Peri-ocular involvement of the hemangioma was present in 19 (79%) patients, involving the eyelids (n=19), orbit (n=8), and conjunctiva (n=5). Due to eyelid involvement, 15 (63%) patients had ptosis, with six resulting in visual obstruction.Only 2 (8%) patients had ocular anomalies that met the diagnostic criteria for PHACE syndrome. The first patient had peripapillary staphyloma, a major criterion. The second patient had two minor criteria, cataract and Peters anomaly, in the spectrum of sclerocornea.Amblyopia was present in 10 (42%) patients. Treatments included optical iridectomy for Peters anomaly, refractive correction and patching for amblyopia. Strabismus developed in 5 (21%) patients, 4 of whom required corrective surgery.

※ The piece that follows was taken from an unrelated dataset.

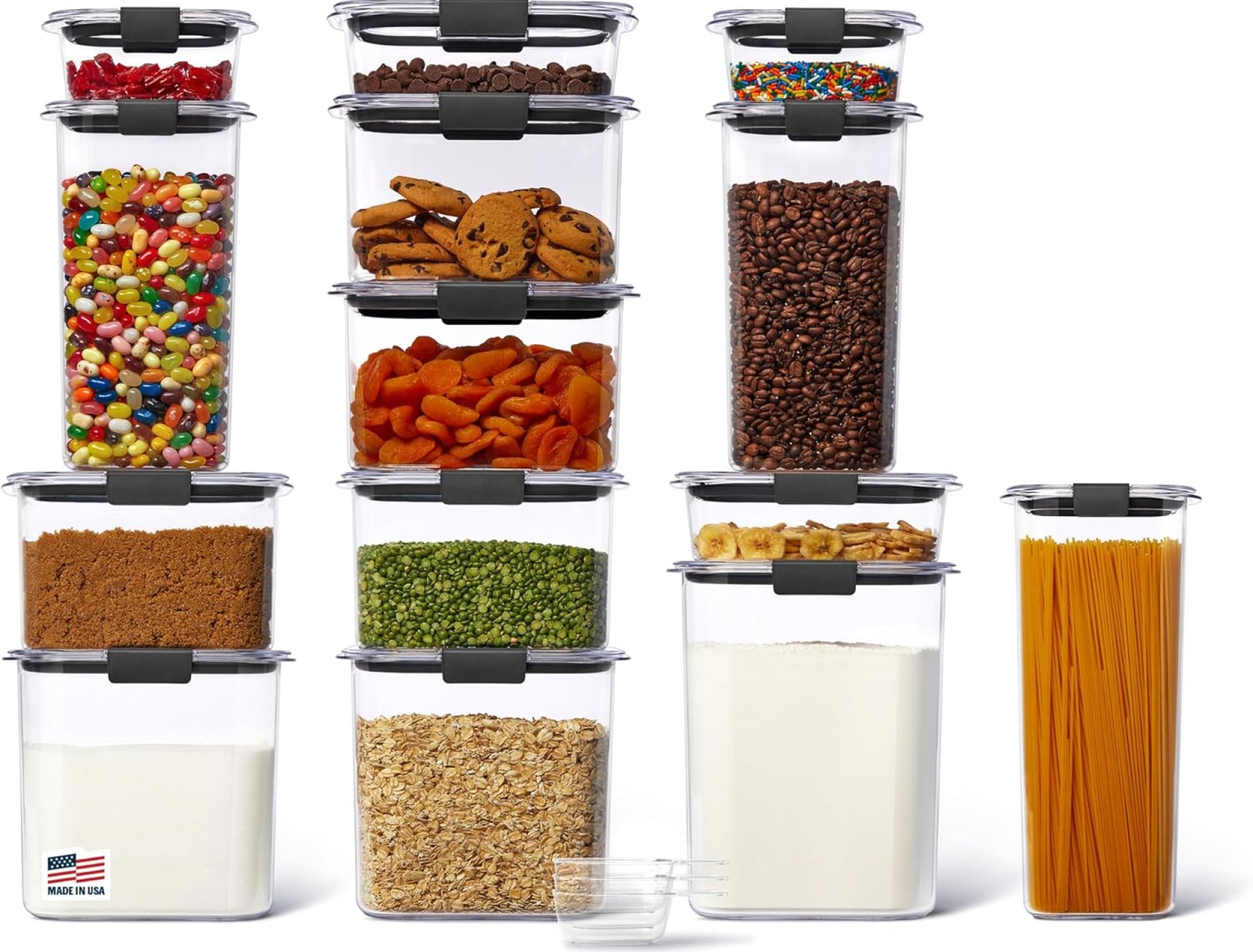 Rubbermaid Brilliance 14-Piece Food Storage Container Set with Scoops Airtight BPA-Free for Kitchen and Pantry Organization Rubbermaid Brilliance 14-Piece Food Storage Container Set with Scoops Airtight BPA-Free for Kitchen and Pantry Organization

We report the largest cohort for which ophthalmic findings are investigated, of which only 2 patients had findings that meet the ocular diagnostic criteria, suggesting that these findings are uncommon in PHACE syndrome. Furthermore, these 2 patients would have been diagnosed with PHACE syndrome even without the ocular criteria, putting into question the relevance of the ocular criteria. Most eye abnormalities were complications secondary to the location of the hemangioma, including ptosis, proptosis, strabismus, and amblyopia. Thus, regardless of diagnostic criteria, ophthalmologists should be consulted in all cases of PHACE syndrome to promptly recognize and treat ophthalmic complications.
This is an abstract that was submitted for the 2017 ARVO Annual Meeting, held in Baltimore, MD, May 7-11, 2017.